名詞という名の動詞 (前半)

星野廉

2020/09/25 08:36


 まず、前回の「動詞という名の名詞」で書いたことを、まとめさせてください。動詞、名詞といった品詞と呼ばれているものは、詞がついていることから分かるように、「詞=言=語=名前」である。動詞は動きや状態を指し示す、と一般に信じられているが、それはうさん臭い。「詞=言=語=名前」が「動きや状態」と対応するという話も、きわめてうさん臭い。以上のように要約できると思います。


 でも、そう言ってしまうと、身も蓋もなくなってしまいます。「それを言っちゃあ、おしまいだ」状態になってしまいます。そこで、「救済策=お茶を濁すこと」として、品詞というペテン詞(※ペテン師の親戚です)をまとわされてしまった、あわれな言葉たちに備わっているはずの、表情・身ぶり・目くばせ・動き、つまり「揺らぎ」に目を注ぎ、その「揺らぎ」に同調し共振してみようではないか。そのように考えれば、すべての品詞が瀕死の状態を免れ、生き生きとした「揺らぎ」を発するものとも取れる。という意味のことも、前回の記事では付け加えておきました。


 言葉は、健気でいとおしいです。ヒトは、言葉を仲介役として、外界と接しています。外界を見てもいます。言葉を、かなり広い意味で取りましょう。話し言葉、書き言葉だけでなく、表情や仕草や身ぶり手ぶりを含む身体言語=ボディランゲージ、手話、指点字、点字、音声(発声)、音楽、合図、映像、図像、さまざまな標識や記号や信号などを、ひっくるめた「こと・もの・行為・状態」としてイメージしてみましょう。そう言えば、イメージもまた、言葉に含めていいのではないかと思います。いや、含めるべきです。


 広い意味での言葉はヒトと外界との「あいだ・あわい・へだたり」を近くしてくれる、と信じています。

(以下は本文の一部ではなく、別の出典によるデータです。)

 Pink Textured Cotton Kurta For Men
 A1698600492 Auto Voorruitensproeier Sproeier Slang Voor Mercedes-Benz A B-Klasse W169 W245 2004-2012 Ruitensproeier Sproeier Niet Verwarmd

ヒトと外界をつないでくれる、と信じたい気持ちもあります。


     *


 先日、新聞を読んでいて、「暗黒物質」というものについての、やや長めの解説を目にしました。一通り目を通しましたが、読解力のないこのアホには、さっぱり分かりませんでした。「読む」ということが、とても苦手なのです。小学生になって、本格的に読み書きを学ぶようになってから、ずっとそうでした。今もそうです。話を「聞く」ことも、苦手です。身体障害者手帳を交付されている中途難聴者であり、「 hear が困難である=聞こえにくい」という現状以前に、「 listen が困難である=聞いた話を理解しにくい」という状態があったのです。今でも、その状態は続いています。


 で、「暗黒物質」ですが、「見えない物質」とも言うそうです。そんな意味のことが書いてあったようなので、とても驚きました。「見えない物質」をめぐって、科学と呼ばれる分野の一部で大騒ぎが起こっているらしい。そこまでは、何とか分かりました。でも、何か妙な気がしてならない。騙されたような気がする。そこで気になったところだけを再読してみました。すると、「見えている物質」というものがあって、それについては、もう解決済みみたいなニュアンスで、その記事が書かれているのです。

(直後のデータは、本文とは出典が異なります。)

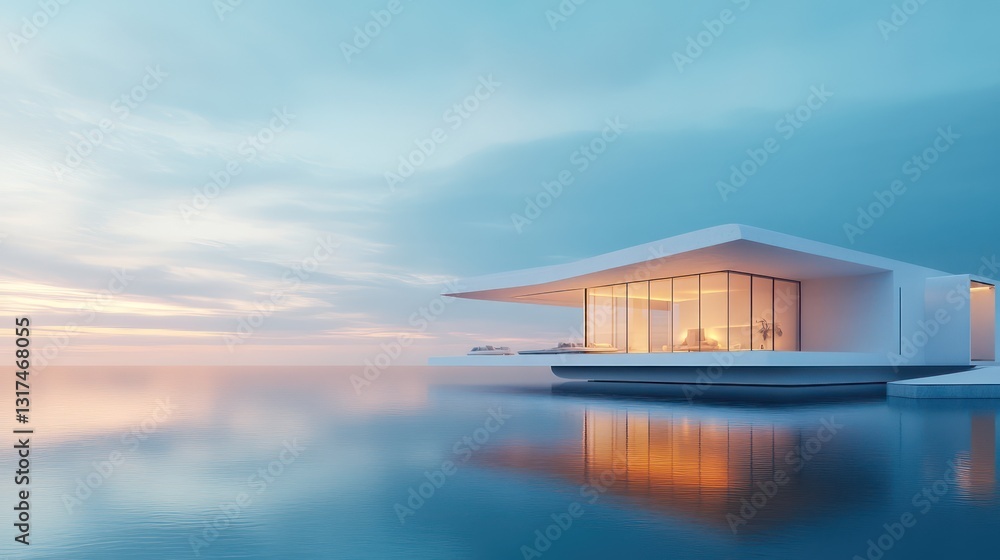 Modern house, ocean view, sunset, calm waters, luxury real estate Modern house, ocean view, sunset, calm waters, luxury real estate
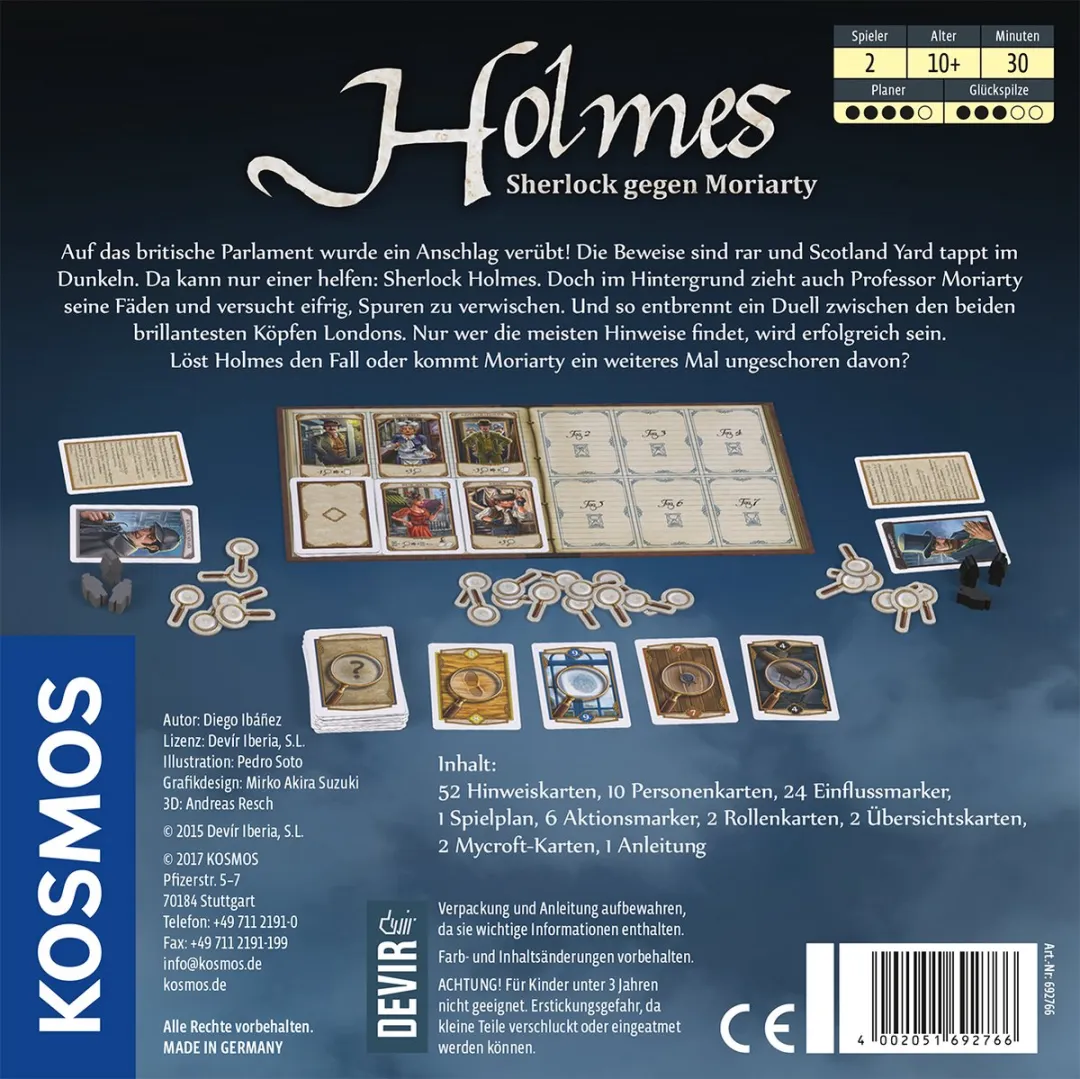 Kosmos Holmes Sherlock gegen Moriarty - 2 Spelers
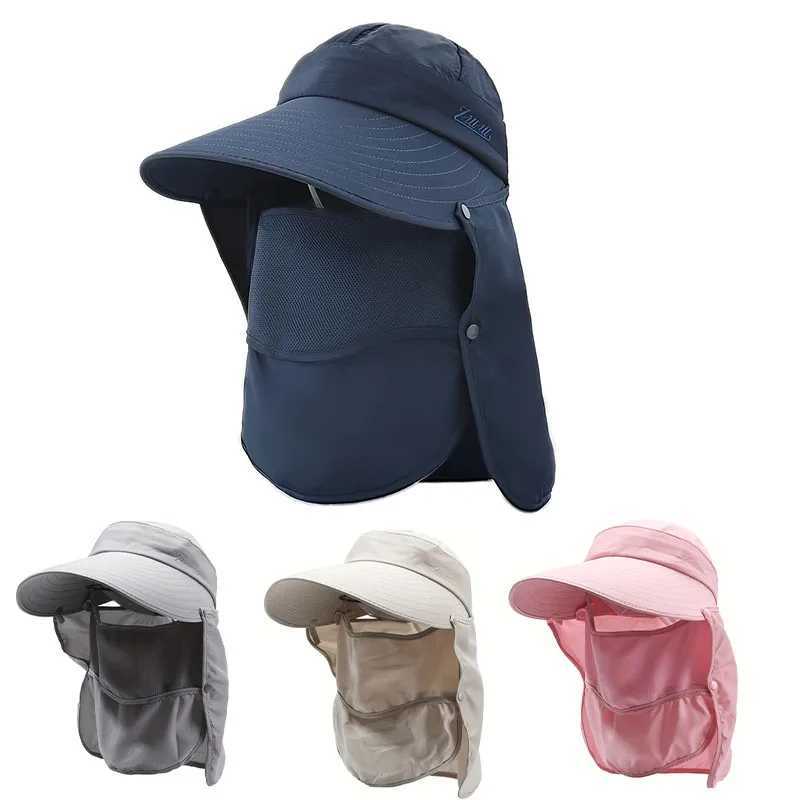 Outdoor sun hat womens summer detachable shawl fisherman hat breathable fishing camping hiking hat H260407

 誤読かもしれません。よくあることなのです。ですから、読解力が乏しいうえに、へそが曲がっているアホがいだいた感想だと、あらかじめ断っておきますが、「見えている物質」ってあるのでしょうか。もう、科学は「見えている物質」については、「卒業」してしまったのでしょうか。電子顕微鏡、観測装置、検出装置といった、間接的に「何か」を「見る」装置がいろいろあるようです。そうした装置をもちいて、「何か」を「見る」ということは、「何か」を「何かではないもの」に置き換えて「見る」作業のはずです。


 装置=ヒトがつくった道具を介してヒトが見ているものとは、ヒトという生き物の視覚器官とその親分である脳という器官の都合に合わせた「代わりのもの=仮のもの」ではないでしょうか。そこまで話を大きくしないで、日常生活をおくるうえで誰もが体験していることを考えてみましょう。


     *


 あなたは、今、何かを見ていますか。視覚に重い障害がない人であれば、「ちゃんと、見ているよ」とお答えになると思います。では、次の会話を読んでみてください。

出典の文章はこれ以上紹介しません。